At a news conference ahead of today's memorial service, the head of the company which managed the Dolphin vessel said that the ceremony would give relatives of the dead and missing the chance to "get their grief out".
Bourbon Offshore managing director Trond Myklebust also confirmed that after the service the families would be flown out to observe the wreck of the ship, which sank 75 miles north-west of Shetland.
"It is so everybody can see the boat, the environment and try and visualise what would have been going on," said Mr Myklebust.
He added that efforts would be made to tow the Dolphin ashore at around midday in order to try and find the bodies of those it is believed remain inside the ship.
"What is important from our side is that this will be done in a safe manner because the most important thing is that we keep the boat afloat so we are able to find the people inside," he said.
Meanwhile, one of the survivors of Thursday's disaster has told reporters how it took less than five minutes for the Dolphin to capsize.
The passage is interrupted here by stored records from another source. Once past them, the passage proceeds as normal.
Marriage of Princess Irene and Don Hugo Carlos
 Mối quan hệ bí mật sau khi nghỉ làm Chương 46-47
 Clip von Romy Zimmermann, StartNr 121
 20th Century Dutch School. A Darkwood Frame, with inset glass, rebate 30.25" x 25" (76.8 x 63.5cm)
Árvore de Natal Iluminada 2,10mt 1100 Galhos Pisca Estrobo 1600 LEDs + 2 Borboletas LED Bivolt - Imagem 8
Egil Hafsas, who was on deck at the time of the accident, explained that it was difficult for him to feel joy at having been rescued when some of his colleagues had been unable to escape from the boat.
A list released by Bourbon Offshore has revealed that 14-year-old David Remøy, who was aboard the Dolphin on work experience, is among the eight people named as either dead or missing following the incident.
His father, Oddne Arve Remøy, the 44-year-old captain of the ship, was also named on the list.